Tahun lalu, bekas Menteri Kelautan dan Perikanan Rochmin Dahuri yang diadili dalam perkara penyalahgunaan keuangan di departemennya, membongkar banyak nama politisi yang   menerima uang darinya. Dunia politik Indonesia pun terguncang. Para politisi ramai-ramai membantah. Hanya mantan Ketua MPR Amien Rais yang berani tampil secara kesatria. Ia mengakui menerima dana sekitar Rp 200 juta dari Rochmin dan ia gunakan untuk kampanye pemilihan Presiden (Pilpres).
Tapi Amien tak kepalang tanggung. Ia sekalian bertekad membongkar segala macam permainan dana politik yang terjadi selama ini, termasuk bantuan dari Amerika Serikat untuk salah satu pasangan calon Presiden (Capres).
Tekad Amien tak kesampaian. Ia kemudian bertemu Presiden SBY di Lapangan Terbang Halim Perdanakusumah Jakarta, lalu isu dana politik yang menjadi silang-sengketa itu diselesaikan secara ‘’adat’’. Kasus itu pun hilang dari wacana, dan Amien Rais tak pernah diadili dalam urusan dana Rochmin. Klop.
Namun sesungguhnya masalah mendasar tak pernah diselesaikan. Maka kasus Amien Rais, dana YPPI untuk DPR, atau kasus Al Amin Nasution dan semacamnya akan terus bermunculan.
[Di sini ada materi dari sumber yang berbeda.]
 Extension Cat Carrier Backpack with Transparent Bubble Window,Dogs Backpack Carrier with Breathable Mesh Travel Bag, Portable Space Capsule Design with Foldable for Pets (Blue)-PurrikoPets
Para anggota DPR atau kaum politisi boleh marah pada group Slank. Tapi ejekan dalam lagu mereka bahwa di mata Mafia Senayan UUD adalah singkatan dari Ujung-Ujungnya Duit, kian lama akan kian sulit dibantah. Keterlibatan para politisi dengan korupsi – baik di legislatif mau pun eksekutif — adalah isu sehari-hari.
Itu tak lain karena Indonesia telah terjebak dengan sistem politik yang amat koruptif. Sebuah sistem yang menyebabkan para pelaku politik harus melakukan korupsi untuk mempertahankan eksistensinya. Bagaima bisa begitu?
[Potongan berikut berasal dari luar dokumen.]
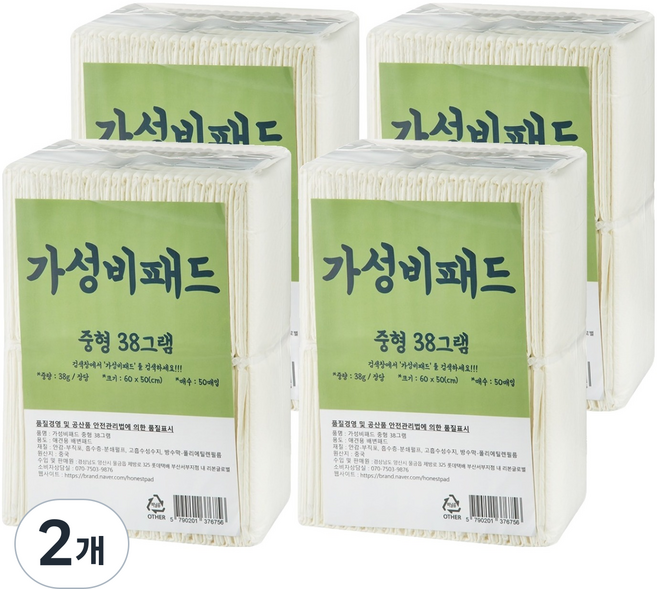 정직한패드 가성비 패드 중형 38g, 200개입, 2개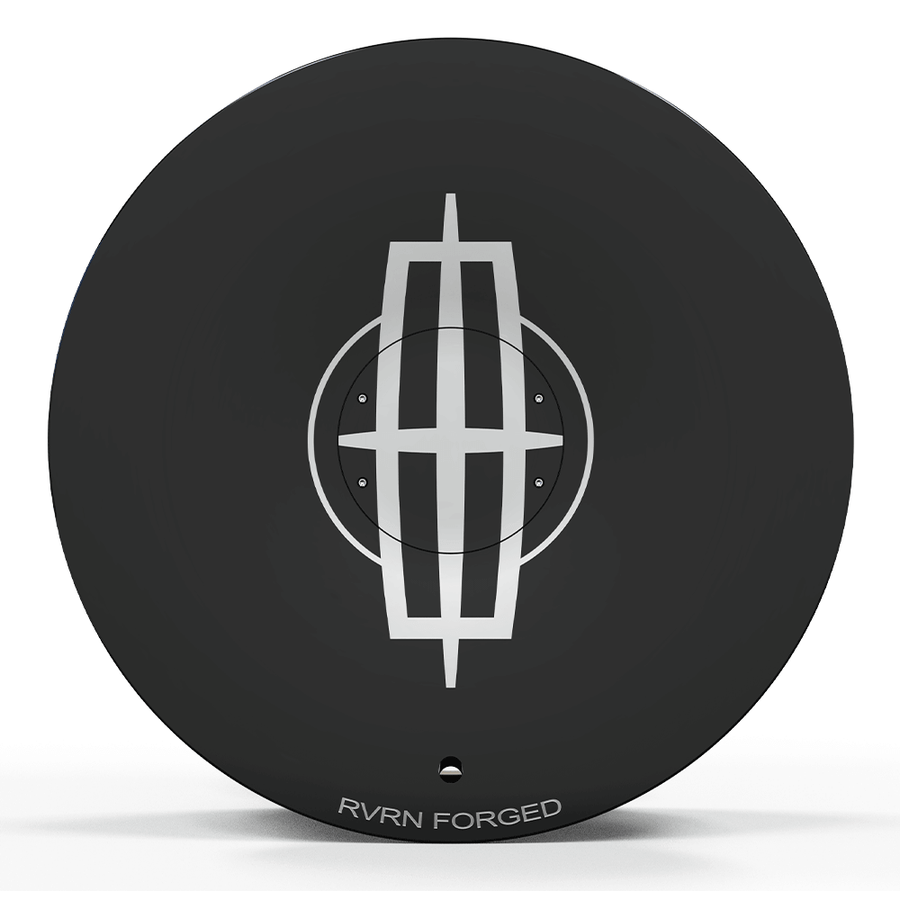 Custom forged monoblock full face wheel for Lincoln vehicles, featuring RVRN FORGED logo, sleek black finish.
Sejak reformasi 1998, Indonesia menggunakan sistem politik dan ekonomi liberal. UUD 1945 dirombak, DPR kemudian memproduksi begitu banyak undang-undang politik atau ekonomi yang pada prinsipnya adalah liberal.
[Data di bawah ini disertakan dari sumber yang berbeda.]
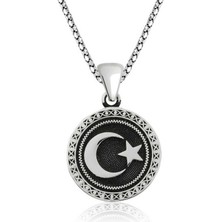 925 Gümüş Türk Bayrağı 925 Ayar Gümüş Kolye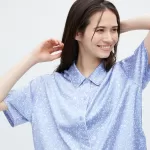 Uniqlo Satin Printed Pajamas (Short Sleeve) Women’s Homewear Blue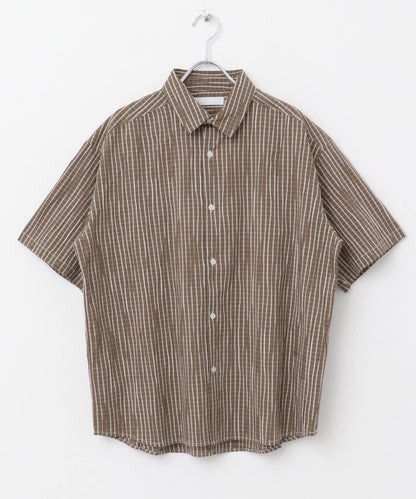 拼色提花短袖襯衫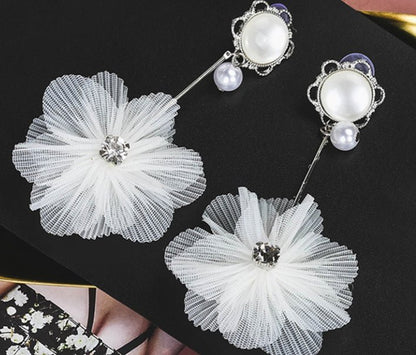 Pearl Flower Earrings Lace-Jewearrings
Sekadar contoh, pekan ini, DPR menyetujui undang-undang yang menyebabkan seluruh pelabuhan laut di Indonesia bebas dikelola perusahaan asing. Padahal negeri paling liberal Amerika Serikat saja melarang pelabuhannya dikelola Dubai Port, sebuah BUMN dari Timur Tengah.
Para pendukungnya menyebut Indonesia memasuki era demokratis. Inilah sistem yang katanya ampuh merubuhkan tembok Berlin dan menggulung komunisme di tahun 1990-an. Indonesia dipuja-puji sebagai negara demokrasi terbesar setelah India dan Amerika.

Buku The End of History and the Last Man, yang ditulis Francis Fukuyama, seorang neo-konservatif, di tahun 1992, bagi banyak pendukung sistem liberal di sini, dijunjung seakan kitab suci. Mereka menganggap seluruh dunia merindukan sistem demokrasi liberal, seperti ditulis buku itu, termasuk Indonesia. (Setelah kegagalan Amerika ‘’menyebarkan demokrasi’’ di Iraq, Fukuyama kerepotan dengan bukunya. Pengajar Johns Hopkins University ini kemudian menjadi pengeritik neo-konservatif, kelompok penghasut perang itu).
Dana 26 Juta Dollar dari Amerika
Padahal sebenarnya di tahun 1991, Profesor Samuel P.Huntington dari Universitas Harvard, sudah memberi syarat bagaimana sebuah negara bisa sukses beralih dari sistem otoritarianisme menjadi demokrasi (baca sebagai demokrasi liberal) di dalam buku The Third Wave: Democratization ini the Late Twentieth Century, yang sering jadi rujukan itu.
Huntington menulis bahwa income per capita menjadi syarat demokratisasi. Semakin tinggi income per capita atau pendapatan rata-rata penduduk sebuah negara, semakin mulus peralihan terjadi. Begitu sebaliknya. Negara dengan penduduk miskin yang beralih menjadi demokratis, menurut studi Huntington, kebanyakan akan kembali lagi menjadi otoritarianisme.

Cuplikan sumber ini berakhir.